I cerealicoltori protestano ancora.
Veramente è da un po’ che i produttori di grano italiani sono in rivolta contro le politiche del Governo e dell’Europa, con Confagricoltura e Coldiretti capofila, le quali, nonostante tutto si sono ufficialmente schierate per il Sì al Referendum Costituzionale.
Il motivo delle proteste è da un lato il prezzo del grano che oscilla tra 14 e 18 centesimi di euro per quintale, mentre quello proveniente dall’estero è di gran lunga più conveniente, dall’altro che i produttori italiani non sono sufficientemente supportati da incentivi governativi e regionali negli investimenti, anzi scoraggiati, tanto che spesso i più piccoli agricoltori, quelli che hanno da sempre creduto sulla “qualità” (per il “benessere” non per il “business”) cedono i terreni e il frutto di tanti anni di lavoro va in mano alle speculazioni delle aziende multinazionali.
Preoccupa i cerealicoli che non solo il prezzo del grano è sceso ai livelli di trent’anni fa e viene esportato a basso prezzo, ma che l’importato aumenta sempre di più (+54% in quantità negli ultimi tre anni, dichiara Confagricoltura).
Sembra universalmente accettato che il grano prodotto dagli agricoltori italiani non copre il fabbisogno dei consumatori, ma è statisticamente inaccettabile che non copra il fabbisogno ‘interno’. Solo Puglia e Sicilia, insieme alla Basilicata, la terza regione d’Italia per produzione di frumento, producono oltre il 42% del grano duro italiano. Ma se, come dicono, importiamo oltre il 40% ed esportiamo circa 50%, chi li fa i conti?
Certo, forse nel calcolo è compreso il grano tenero, forse i conti si fanno sui ‘cereali’ in senso generico, anzi, si danno i numeri sulla “pasta” esportata, quando fa comodo!
È in effetti più vero questo: importiamo grano e farine ed esportiamo pasta lavorata.
Nel fatturato di aziende pastaie Made in Italy, le esportazioni toccano anche il 50% del lavorato. È sicuro un vanto.
Si aggiunge un ulteriore problema: è in atto una mobilitazione per la garanzia della sicurezza della salute, dopo l’allarme glifosato, un diserbante usato anche nei campi di frumento per seccare la pianta e anticipare la maturazione, largamente usato in Canada e negli USA, paesi da cui importiamo e importeremmo senza dazi se andassero a buon fine i trattati TTIP e CETA.

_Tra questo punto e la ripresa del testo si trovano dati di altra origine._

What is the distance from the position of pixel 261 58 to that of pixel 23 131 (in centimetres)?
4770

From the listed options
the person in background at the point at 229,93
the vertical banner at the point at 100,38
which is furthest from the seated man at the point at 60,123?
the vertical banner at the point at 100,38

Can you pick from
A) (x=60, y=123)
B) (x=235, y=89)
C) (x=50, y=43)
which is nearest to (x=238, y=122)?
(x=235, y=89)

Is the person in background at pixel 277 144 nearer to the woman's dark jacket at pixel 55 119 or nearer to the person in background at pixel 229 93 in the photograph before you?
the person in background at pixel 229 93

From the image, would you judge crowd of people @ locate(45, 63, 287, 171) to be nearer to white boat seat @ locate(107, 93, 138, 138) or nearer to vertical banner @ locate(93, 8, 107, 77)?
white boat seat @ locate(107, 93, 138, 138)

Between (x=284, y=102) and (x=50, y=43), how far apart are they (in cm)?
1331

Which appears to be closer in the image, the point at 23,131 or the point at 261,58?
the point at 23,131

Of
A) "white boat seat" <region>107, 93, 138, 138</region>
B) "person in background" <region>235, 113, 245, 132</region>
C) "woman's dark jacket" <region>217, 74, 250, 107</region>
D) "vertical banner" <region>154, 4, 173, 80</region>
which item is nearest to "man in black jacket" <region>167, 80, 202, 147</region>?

Ebbene, in seno alla FIMA, la Federazione Italiana Movimenti Agricoli, i produttori di grano duro del Sud del Sud Italia (soprattutto della Puglia, della Sicilia e della Basilicata) hanno dato vita a un’associazione ‘GranoSalus’ e hanno annunciato che inizieranno ad effettuare le analisi chimiche su tutti i derivati del grano. GranoSalus, attraverso i media e i social, condurrà la battaglia del grano a favore di quello sano e privo di contaminanti e aflatossine, per dire basta a tutte le intolleranze che negli ultimi venti anni hanno subito una impennata come mai accaduto in precedenza nella storia.